**** AVAILABLE DATA ****

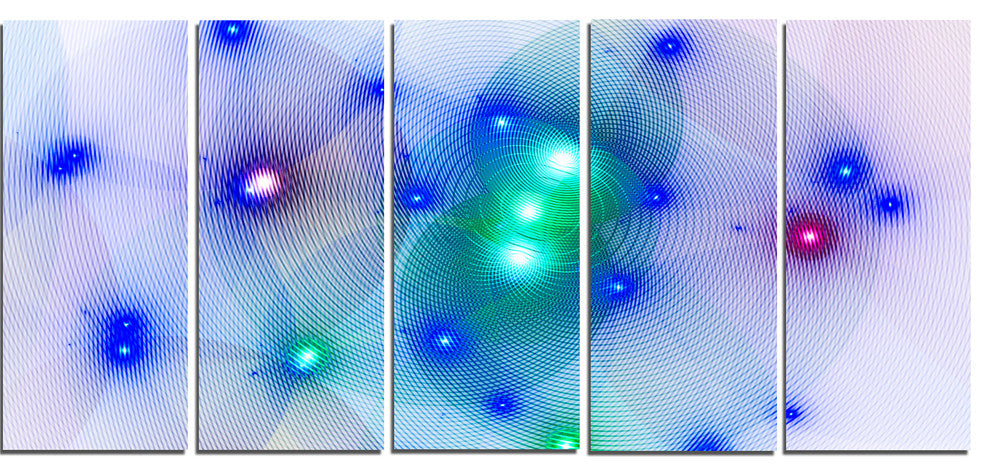 Blue Fractal Lights in Fog, Abstract Wall Art Canvas, 60"x28", 5 Panels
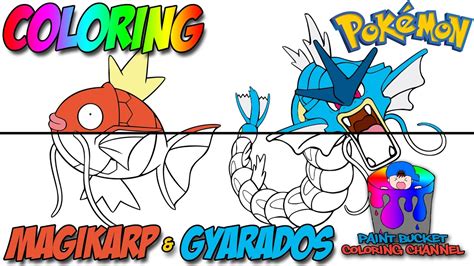 How To Color Magikarp And Gyarados Pokemon Coloring Page Youtube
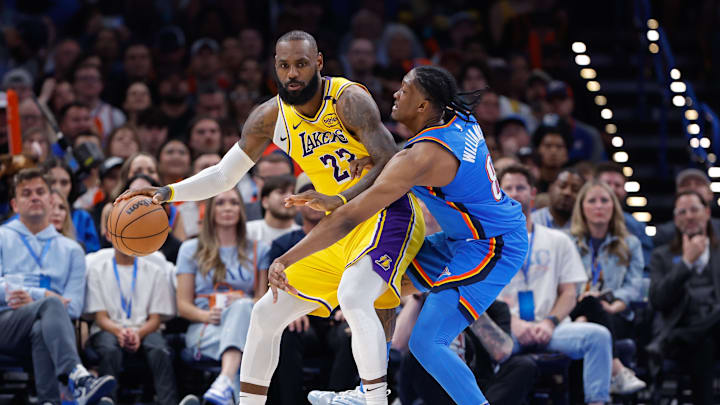 Apr 8, 2025; Oklahoma City, Oklahoma, USA; Oklahoma City Thunder forward Jalen Williams (8) defends Los Angeles Lakers forward LeBron James (23) during the second half at Paycom Center. Mandatory Credit: Alonzo Adams-Imagn Images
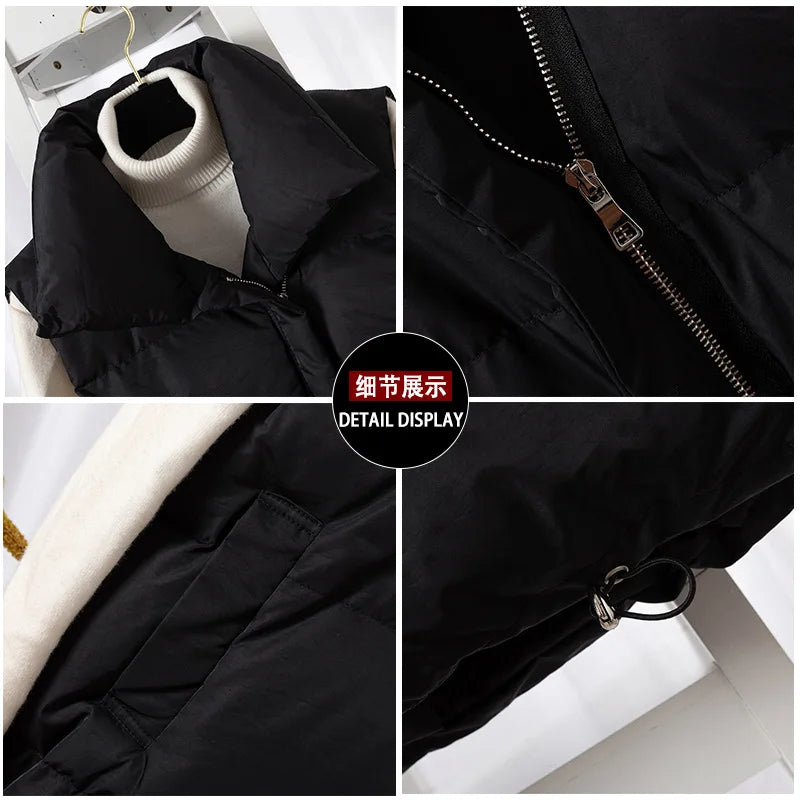 Women Fashion Autumn New 2024 Stand Collar Elegant Down Coats Warm Outerwear Casual Belt Sleeveless Winter Women Vests Jackets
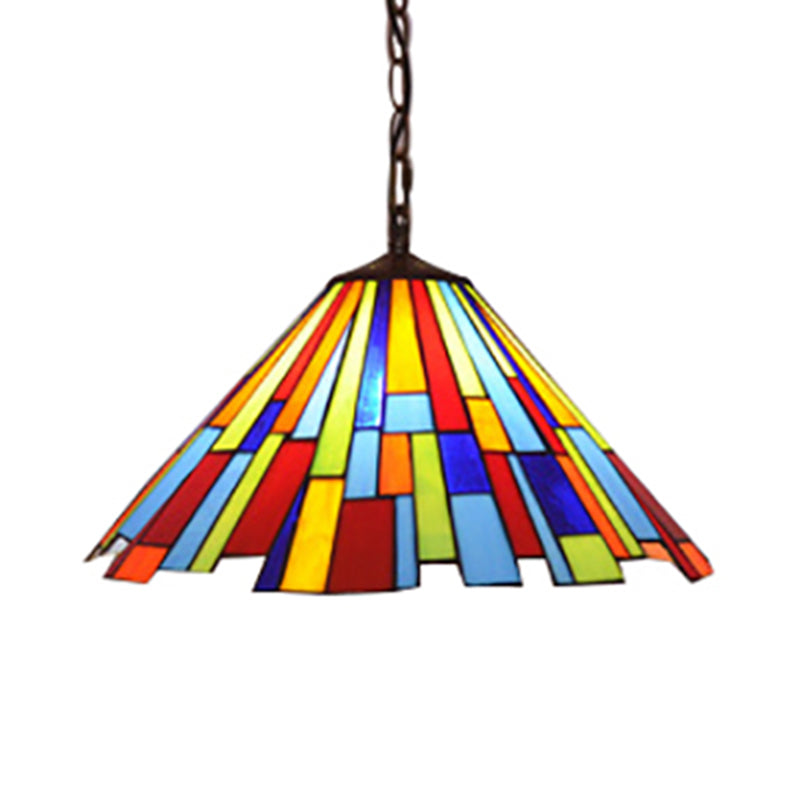 Stained Glass Conical Hanging Lamp Tiffany 1 Bulb Black Ceiling Pendant for Dining Room, 12"/16" Wide Clearhalo 'Ceiling Lights' 'Industrial' 'Middle Century Pendants' 'Pendant Lights' 'Pendants' 'Tiffany close to ceiling' 'Tiffany Pendants' 'Tiffany' Lighting' 235054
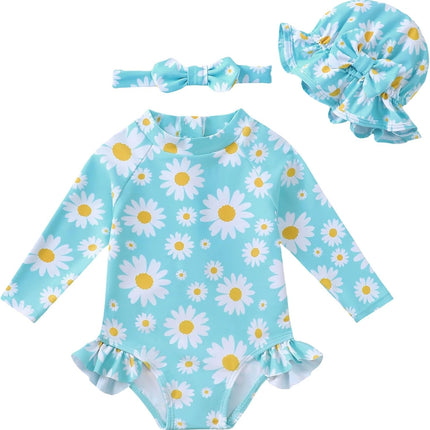 Baby Girl Swimsuit Long Sleeve One-Piece Swimwear with Hat Rash Guard Ruffle Floral Zipper Beach Infant Bathing Suit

****

▸ **ACTIVITY**
Leaving each picture behind, please give again exactly the lines above from the one with "How To Color" through the one with "Stained Glass Conical", both included, and no others.

▸ **RESULT**
 How To Color Magikarp And Gyarados Pokemon Coloring Page Youtube
 Apr 8, 2025; Oklahoma City, Oklahoma, USA; Oklahoma City Thunder forward Jalen Williams (8) defends Los Angeles Lakers forward LeBron James (23) during the second half at Paycom Center. Mandatory Credit: Alonzo Adams-Imagn Images
 Women Fashion Autumn New 2024 Stand Collar Elegant Down Coats Warm Outerwear Casual Belt Sleeveless Winter Women Vests Jackets
 Stained Glass Conical Hanging Lamp Tiffany 1 Bulb Black Ceiling Pendant for Dining Room, 12"/16" Wide Clearhalo 'Ceiling Lights' 'Industrial' 'Middle Century Pendants' 'Pendant Lights' 'Pendants' 'Tiffany close to ceiling' 'Tiffany Pendants' 'Tiffany' Lighting' 235054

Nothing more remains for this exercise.